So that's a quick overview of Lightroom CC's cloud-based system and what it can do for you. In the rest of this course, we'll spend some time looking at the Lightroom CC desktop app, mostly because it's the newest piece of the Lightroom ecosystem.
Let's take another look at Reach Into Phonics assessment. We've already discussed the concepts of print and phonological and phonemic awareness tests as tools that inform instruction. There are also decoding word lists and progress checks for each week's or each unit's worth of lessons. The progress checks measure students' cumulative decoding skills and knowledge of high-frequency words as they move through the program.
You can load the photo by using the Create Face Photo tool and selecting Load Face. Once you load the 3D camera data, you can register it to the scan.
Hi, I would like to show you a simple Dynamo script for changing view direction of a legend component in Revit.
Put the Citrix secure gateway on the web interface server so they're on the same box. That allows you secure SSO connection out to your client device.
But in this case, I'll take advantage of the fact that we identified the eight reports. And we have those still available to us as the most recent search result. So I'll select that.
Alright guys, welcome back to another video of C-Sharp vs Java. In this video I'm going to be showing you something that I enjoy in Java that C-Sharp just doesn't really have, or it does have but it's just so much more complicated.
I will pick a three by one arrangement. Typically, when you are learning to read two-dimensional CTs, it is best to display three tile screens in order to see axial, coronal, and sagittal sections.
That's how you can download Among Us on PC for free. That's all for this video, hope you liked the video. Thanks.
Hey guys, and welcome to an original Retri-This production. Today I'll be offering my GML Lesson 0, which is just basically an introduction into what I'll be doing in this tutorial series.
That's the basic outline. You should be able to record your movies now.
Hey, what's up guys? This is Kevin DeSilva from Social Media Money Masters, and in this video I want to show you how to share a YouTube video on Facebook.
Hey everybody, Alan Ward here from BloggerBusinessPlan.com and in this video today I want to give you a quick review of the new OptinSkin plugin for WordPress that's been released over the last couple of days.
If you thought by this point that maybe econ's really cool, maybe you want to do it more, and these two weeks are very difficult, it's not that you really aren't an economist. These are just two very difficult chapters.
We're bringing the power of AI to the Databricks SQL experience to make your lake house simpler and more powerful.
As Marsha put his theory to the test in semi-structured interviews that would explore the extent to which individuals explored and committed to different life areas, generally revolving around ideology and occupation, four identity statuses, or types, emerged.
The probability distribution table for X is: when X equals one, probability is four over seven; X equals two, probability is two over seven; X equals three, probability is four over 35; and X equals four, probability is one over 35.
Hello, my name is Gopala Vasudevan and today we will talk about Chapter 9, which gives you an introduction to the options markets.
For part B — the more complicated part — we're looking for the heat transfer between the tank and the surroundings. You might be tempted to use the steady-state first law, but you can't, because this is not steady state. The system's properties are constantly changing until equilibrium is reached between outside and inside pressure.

.....

Transcribe the records above exactly as they appear.

So that's a quick overview of Lightroom CC's cloud-based system and what it can do for you. In the rest of this course, we'll spend some time looking at the Lightroom CC desktop app, mostly because it's the newest piece of the Lightroom ecosystem.
Let's take another look at Reach Into Phonics assessment. We've already discussed the concepts of print and phonological and phonemic awareness tests as tools that inform instruction. There are also decoding word lists and progress checks for each week's or each unit's worth of lessons. The progress checks measure students' cumulative decoding skills and knowledge of high-frequency words as they move through the program.
You can load the photo by using the Create Face Photo tool and selecting Load Face. Once you load the 3D camera data, you can register it to the scan.
Hi, I would like to show you a simple Dynamo script for changing view direction of a legend component in Revit.
Put the Citrix secure gateway on the web interface server so they're on the same box. That allows you secure SSO connection out to your client device.
But in this case, I'll take advantage of the fact that we identified the eight reports. And we have those still available to us as the most recent search result. So I'll select that.
Alright guys, welcome back to another video of C-Sharp vs Java. In this video I'm going to be showing you something that I enjoy in Java that C-Sharp just doesn't really have, or it does have but it's just so much more complicated.
I will pick a three by one arrangement. Typically, when you are learning to read two-dimensional CTs, it is best to display three tile screens in order to see axial, coronal, and sagittal sections.
That's how you can download Among Us on PC for free. That's all for this video, hope you liked the video. Thanks.
Hey guys, and welcome to an original Retri-This production. Today I'll be offering my GML Lesson 0, which is just basically an introduction into what I'll be doing in this tutorial series.
That's the basic outline. You should be able to record your movies now.
Hey, what's up guys? This is Kevin DeSilva from Social Media Money Masters, and in this video I want to show you how to share a YouTube video on Facebook.
Hey everybody, Alan Ward here from BloggerBusinessPlan.com and in this video today I want to give you a quick review of the new OptinSkin plugin for WordPress that's been released over the last couple of days.
If you thought by this point that maybe econ's really cool, maybe you want to do it more, and these two weeks are very difficult, it's not that you really aren't an economist. These are just two very difficult chapters.
We're bringing the power of AI to the Databricks SQL experience to make your lake house simpler and more powerful.
As Marsha put his theory to the test in semi-structured interviews that would explore the extent to which individuals explored and committed to different life areas, generally revolving around ideology and occupation, four identity statuses, or types, emerged.
The probability distribution table for X is: when X equals one, probability is four over seven; X equals two, probability is two over seven; X equals three, probability is four over 35; and X equals four, probability is one over 35.
Hello, my name is Gopala Vasudevan and today we will talk about Chapter 9, which gives you an introduction to the options markets.
For part B — the more complicated part — we're looking for the heat transfer between the tank and the surroundings. You might be tempted to use the steady-state first law, but you can't, because this is not steady state. The system's properties are constantly changing until equilibrium is reached between outside and inside pressure.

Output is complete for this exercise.